-- Supplied entries follows --

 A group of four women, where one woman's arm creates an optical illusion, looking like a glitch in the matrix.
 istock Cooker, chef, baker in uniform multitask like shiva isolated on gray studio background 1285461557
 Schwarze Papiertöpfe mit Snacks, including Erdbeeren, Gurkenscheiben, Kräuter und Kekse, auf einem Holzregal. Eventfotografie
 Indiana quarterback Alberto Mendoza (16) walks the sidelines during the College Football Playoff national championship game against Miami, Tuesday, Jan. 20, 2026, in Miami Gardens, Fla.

-- Supplied entries concluded --
-- Supplied entries follows --

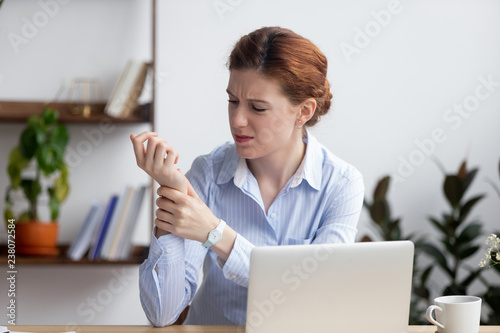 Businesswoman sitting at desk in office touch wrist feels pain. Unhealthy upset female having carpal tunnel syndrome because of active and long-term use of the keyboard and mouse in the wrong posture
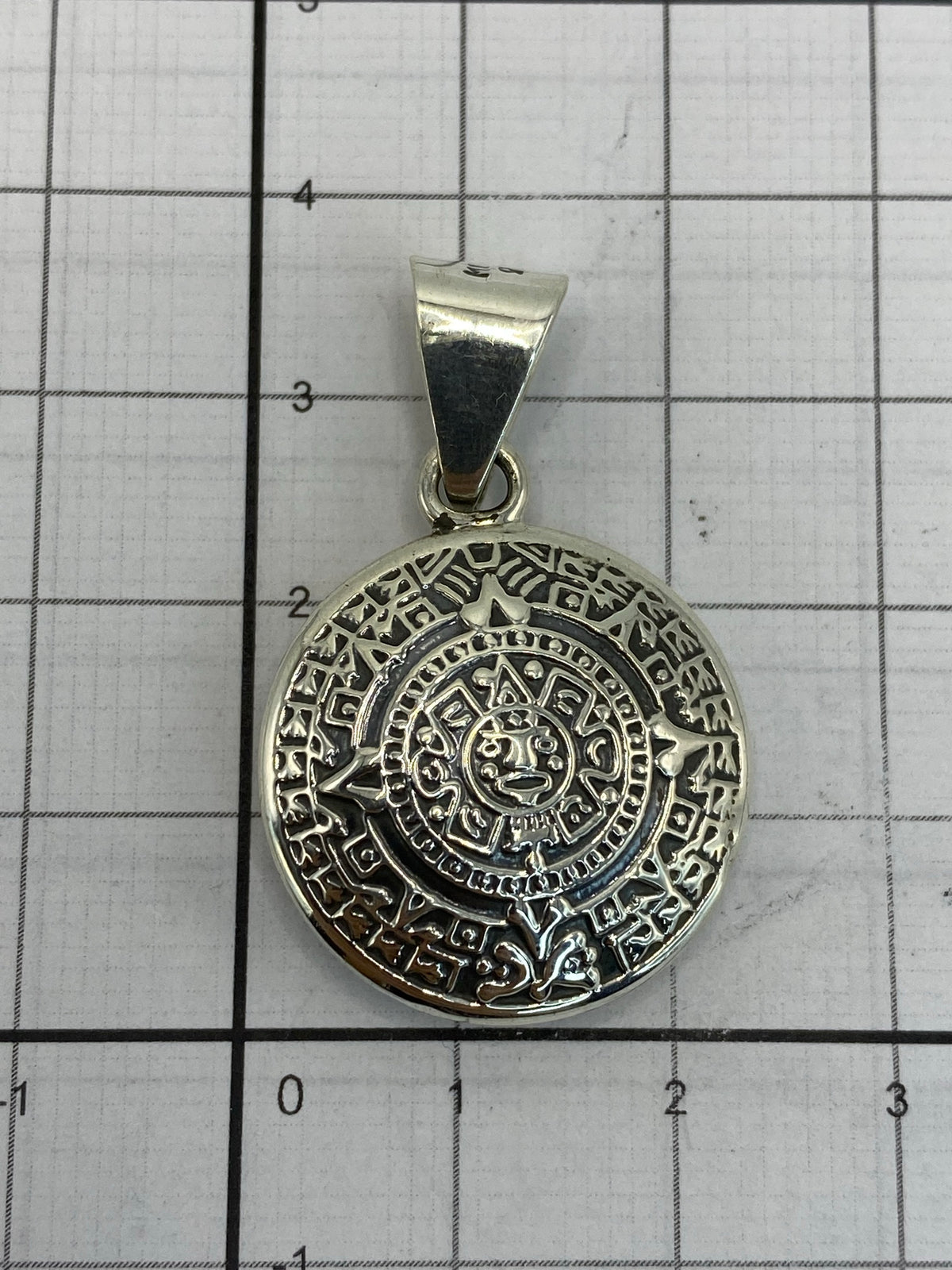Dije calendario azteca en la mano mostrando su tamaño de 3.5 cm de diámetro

-- Supplied entries concluded --

• _What is being asked_: Check each line of the records for "like" and copy the ones that contain it.

• _Response below_:
 A group of four women, where one woman's arm creates an optical illusion, looking like a glitch in the matrix.
 istock Cooker, chef, baker in uniform multitask like shiva isolated on gray studio background 1285461557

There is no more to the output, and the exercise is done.